The other day Ashraf Khalil wrote about how hard it was for him to publish an account of the mistreatment of Palestinian journalist Mohammed Omer in the LA Times last year. Khalil's story reminded a reader of the story that Ken Silverstein wrote in Harper's two years ago, describing his ordeal in trying to publish a story explaining Hezbollah's political appeal in Lebanon:
After submitting my story, though, I ran up against insurmountable
editorial obstacles. It was clear that I was deemed to have written a
story that was too favorable to Hezbollah, even though any article
seeking to examine its popularity would, by necessity, require some
focus on the group’s more attractive aspects. After the story was near
completion, a new editor was called in to review it because, I was
told, Hezbollah had a history of inviting reporters to Lebanon and
controlling their agenda. The obvious implication was that this had
happened in my case—despite the fact that, outside of my interviews
with Hezbollah officials, I had had no contact with the party. I had
hired my own driver (who turned out to be sympathetic to Hezbollah,
like most Shiites, but not connected to the movement) and translators
(all Christians), with no restrictions placed on where I went or who I
met with; and in fact I had spent significant time with the group’s
critics.
The primary problem, it soon became clear, was fear of
offending supporters of Israel. At one point I was told that editorial
changes were needed to “inoculate” the newspaper from criticism, and
although who the critics might be was never spelled out, the answer
seemed fairly obvious. I was also told in one memo that “we should
avoid taking sides,” which apparently meant omitting inconvenient
historical facts. Over my repeated objections, editors cut a line that
referred to “Israel’s creation following World War II in an area
overwhelmingly populated at the time by Arabs.” That, I was told in an
email from one editor, David Lauter, was
the Arab view of things. Israelis would say, with
some justification, that much of the area wasn’t overwhelmingly
populated by anyone at the time the first Zionist pioneers arrived in
the first part of the 20th century and that the population rose in the
mid-decades of the century in large part because of people migrating
into Palestine in response to the economic development they brought
about.
But that argument, which in any case doesn’t refute what I wrote,
was long ago rejected by serious Mideast scholars, including many in
Israel. It also avoids confronting a root cause of the conflict.

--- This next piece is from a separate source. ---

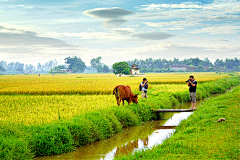 toby-way采集到Vietnam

According to the Jewish Agency for Palestine, the original Zionist
governing body in what was to become Israel, there were roughly 1.1
million Arab Muslims living in Palestine at the time of partition—twice
the number of Jews. “Perspective is everything,” I replied in an email
to the editors. “If my name was Mostafa Naser and I grew up in the
southern suburbs of Beirut, I seriously doubt I would be an ardent
Zionist. If we can’t even acknowledge that Arabs have a legitimate
point of view—and acknowledge what the numbers show—we caricature them
as nothing more than a bunch of irrational Jew haters.” As I noted in a
conversation with one editor, religious hatred, on both sides, is an
element in the conflict, but it is fundamentally a struggle over land
and national identity. If an Eskimo state had been created in Palestine
in 1948, one suspects that anti-Eskimo feeling would have increased
markedly in the Arab world. When I asked [Nawaf] Musawi [foreign affairs chief for Hezbollah] about the Holocaust
denial that has been espoused by some Arab leaders, and suggested it
reflected an unwillingness to acknowledge Jewish suffering, he replied,
“We are not denying that European racists persecuted an entire people
or belittling the suffering of the Jewish people, and we say this with
utter frankness and without compliment. But Europeans committed those
crimes, and then we were made to pay for them with our land.” After
days of unfruitful negotiations, and a final edit that in my view
gutted the story, I decided to pull the piece rather than “inoculate”
it to the point of dishonesty.
A few comments. Wonderful account. Note that Lauter subscribes to Joan Peters's discredited From Time Immemorial thesis.
The only thing missing from this piece is an understanding of the Israel lobby. Why is this censorship taking place? Three reasons: empowered Jews in the media who feel loyalty to Israel and exercise that loyalty; Jews and non-Jews in the media who are aware of their colleagues' feelings and have absorbed them; Jews and non-Jews who are afraid of offending powerful sentiments in the community. When will the Arab narrative gain any nobility? Soon, friends. I believe that Silverstein is Jewish. The inroads that progressive Jews are making into Israel-centered Jewish identity is nothing short of a liberation.